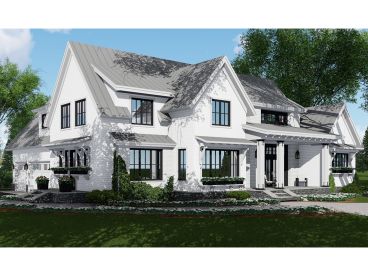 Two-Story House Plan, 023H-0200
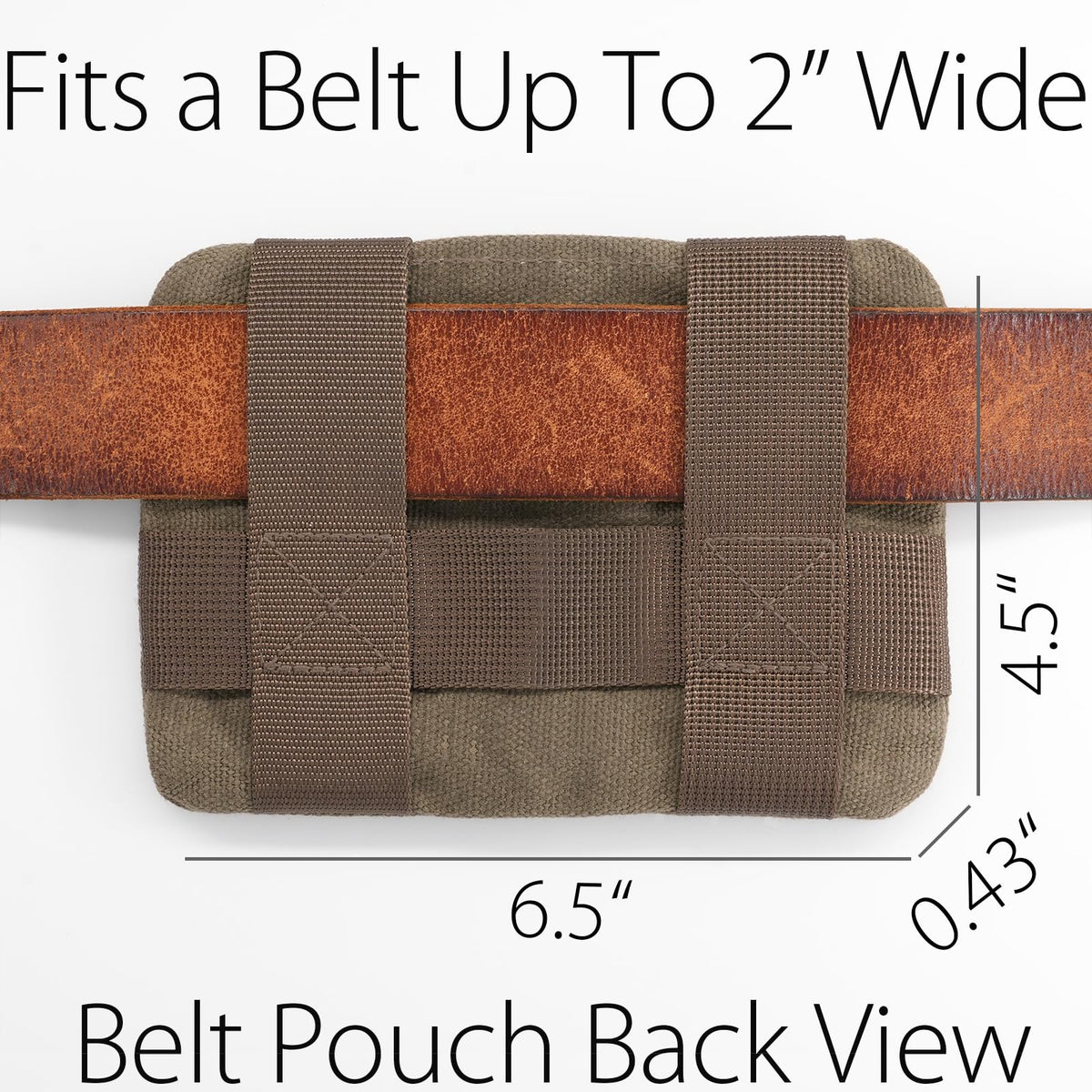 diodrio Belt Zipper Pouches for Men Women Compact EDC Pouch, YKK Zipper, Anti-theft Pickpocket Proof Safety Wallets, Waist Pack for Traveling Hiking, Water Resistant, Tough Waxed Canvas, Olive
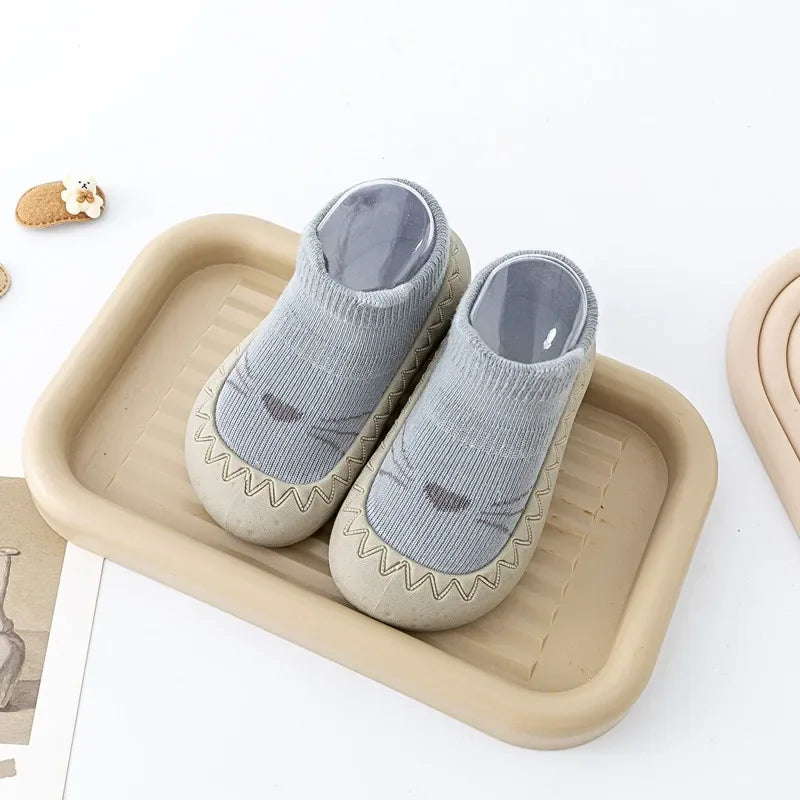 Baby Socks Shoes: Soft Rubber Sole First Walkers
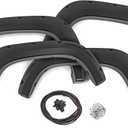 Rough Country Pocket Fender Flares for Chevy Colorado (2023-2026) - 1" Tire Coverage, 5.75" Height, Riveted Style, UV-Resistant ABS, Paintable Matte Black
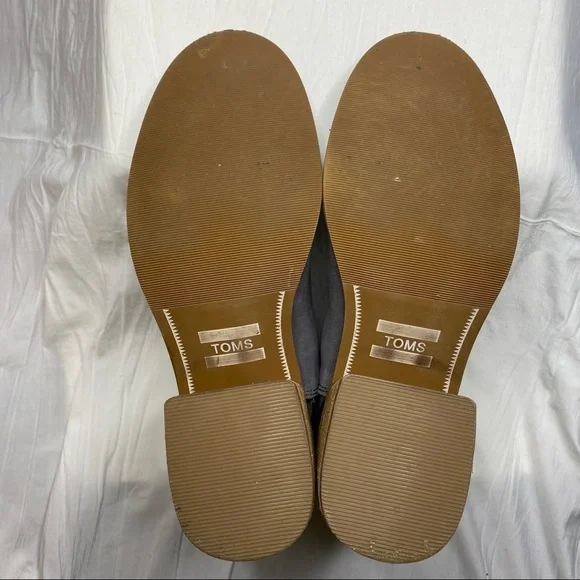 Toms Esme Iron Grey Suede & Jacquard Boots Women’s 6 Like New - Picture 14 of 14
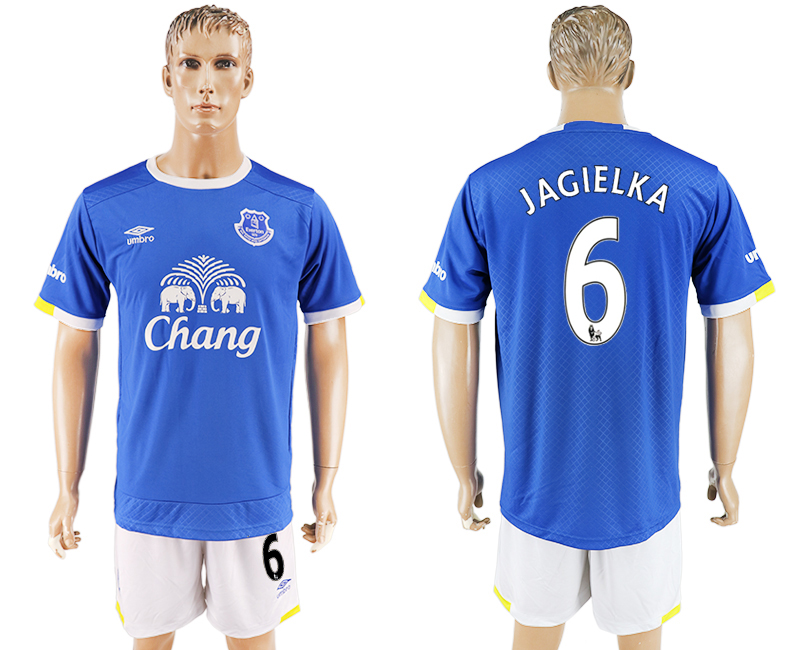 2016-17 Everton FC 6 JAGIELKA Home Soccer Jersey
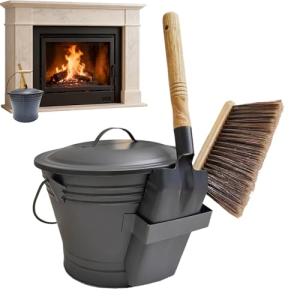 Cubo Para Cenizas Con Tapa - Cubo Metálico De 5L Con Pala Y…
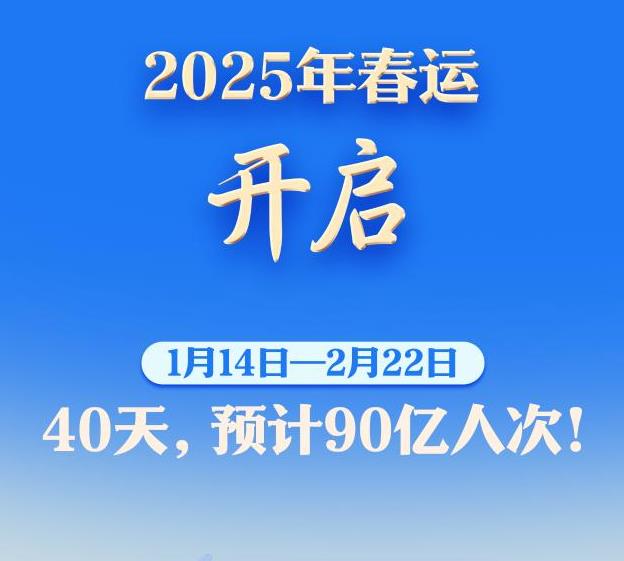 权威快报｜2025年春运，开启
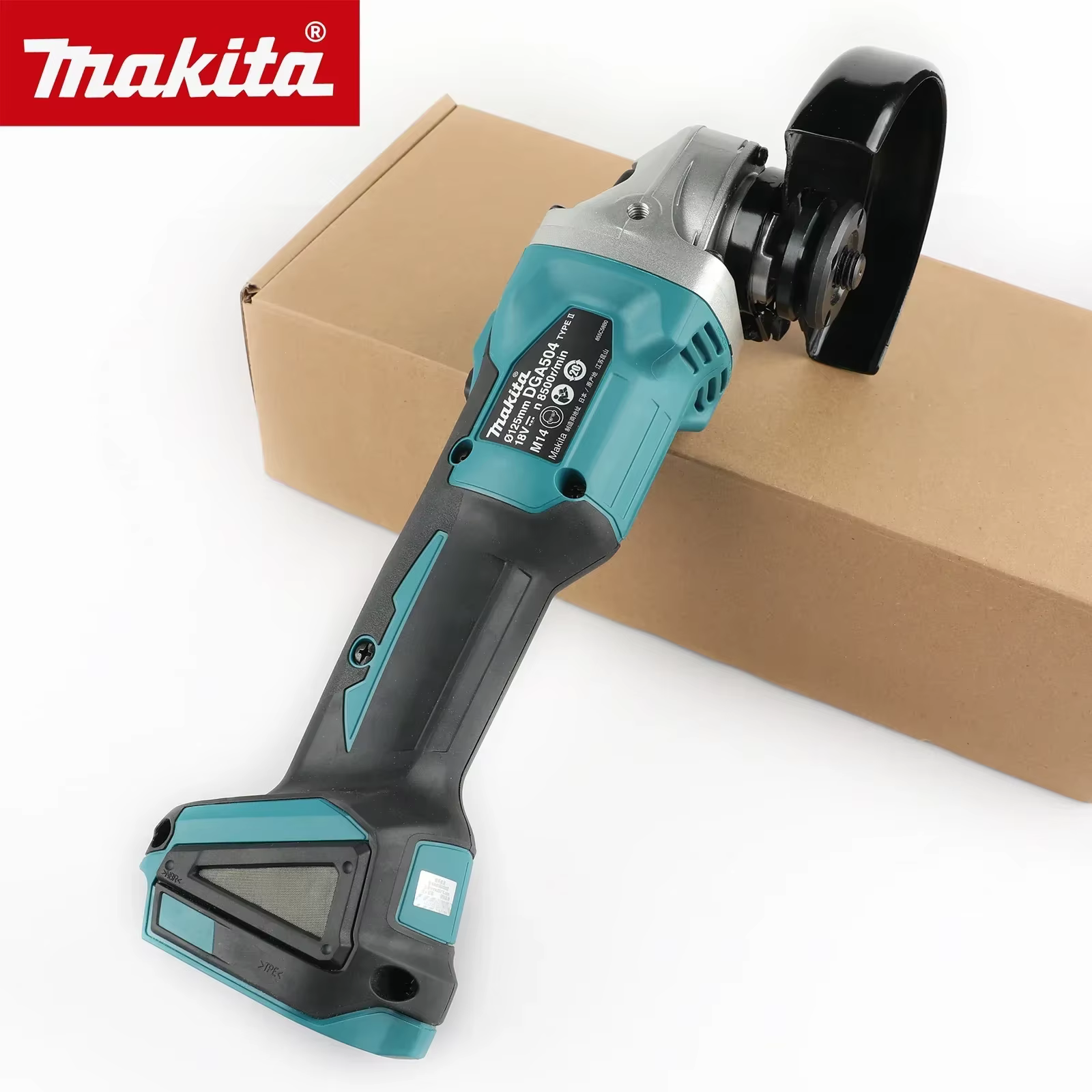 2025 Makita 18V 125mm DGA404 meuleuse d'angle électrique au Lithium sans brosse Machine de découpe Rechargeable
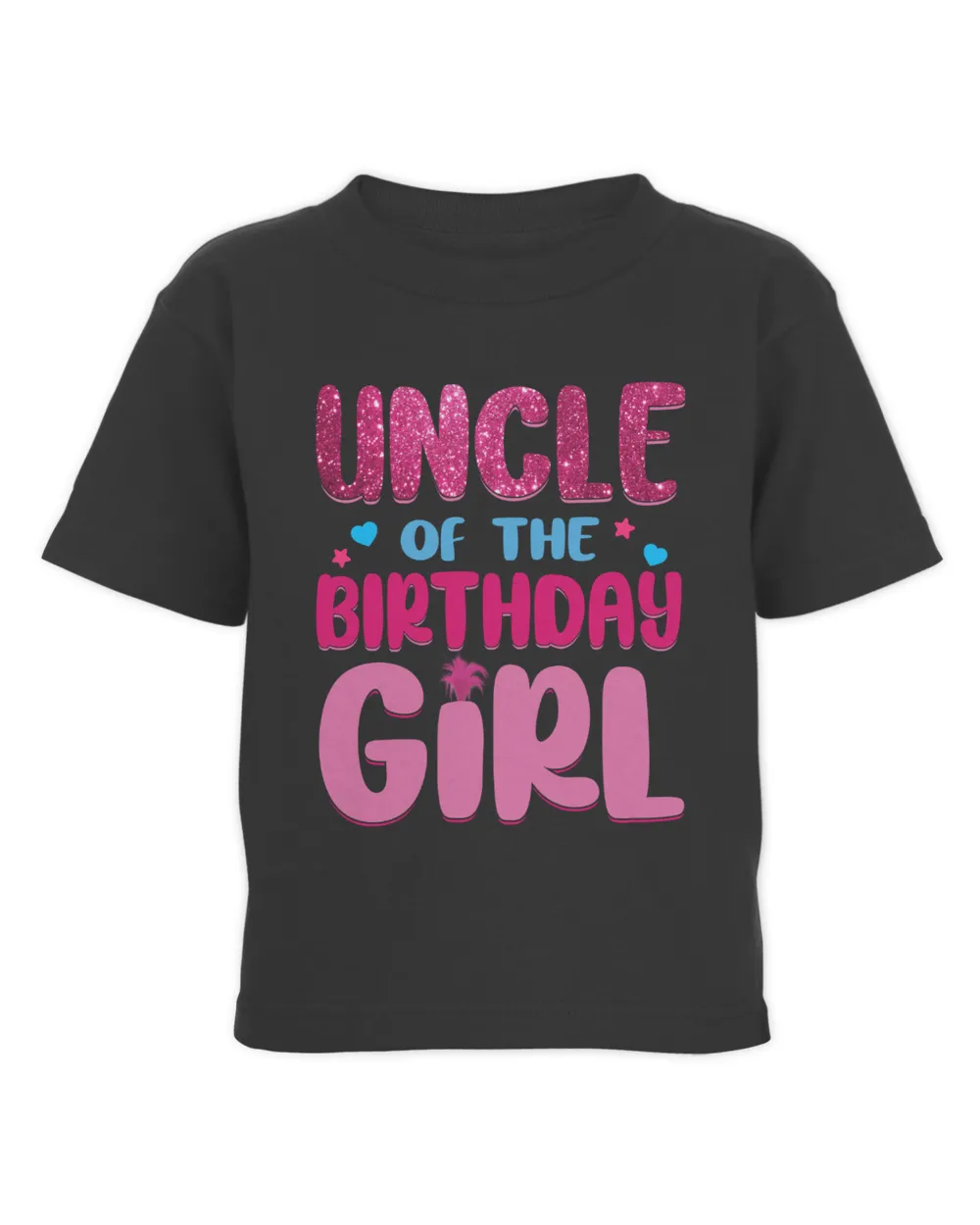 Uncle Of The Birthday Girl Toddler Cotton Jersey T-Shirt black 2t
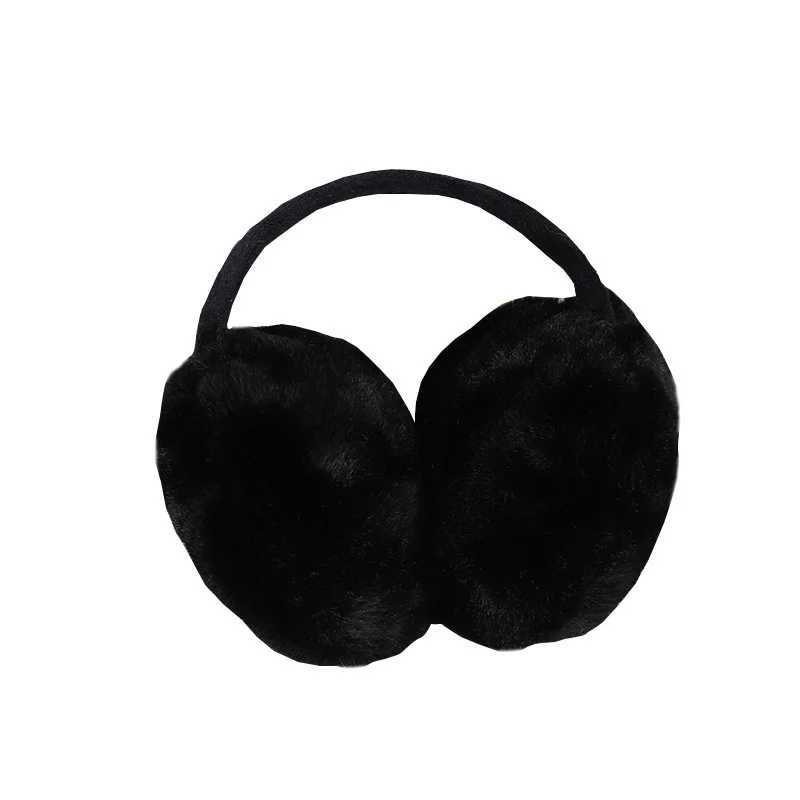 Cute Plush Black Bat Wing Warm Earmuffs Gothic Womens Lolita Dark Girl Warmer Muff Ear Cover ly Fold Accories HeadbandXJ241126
====================
### What you will do
Nothing but the lines from the one that contains "Cubo Para Cenizas" through the last line of the records belongs in the answer, reproduced exactly, with no pictures.

### Solution to the exercise
 Cubo Para Cenizas Con Tapa - Cubo Metálico De 5L Con Pala Y…
 权威快报｜2025年春运，开启
 2025 Makita 18V 125mm DGA404 meuleuse d'angle électrique au Lithium sans brosse Machine de découpe Rechargeable
 Uncle Of The Birthday Girl Toddler Cotton Jersey T-Shirt black 2t
 Cute Plush Black Bat Wing Warm Earmuffs Gothic Womens Lolita Dark Girl Warmer Muff Ear Cover ly Fold Accories HeadbandXJ241126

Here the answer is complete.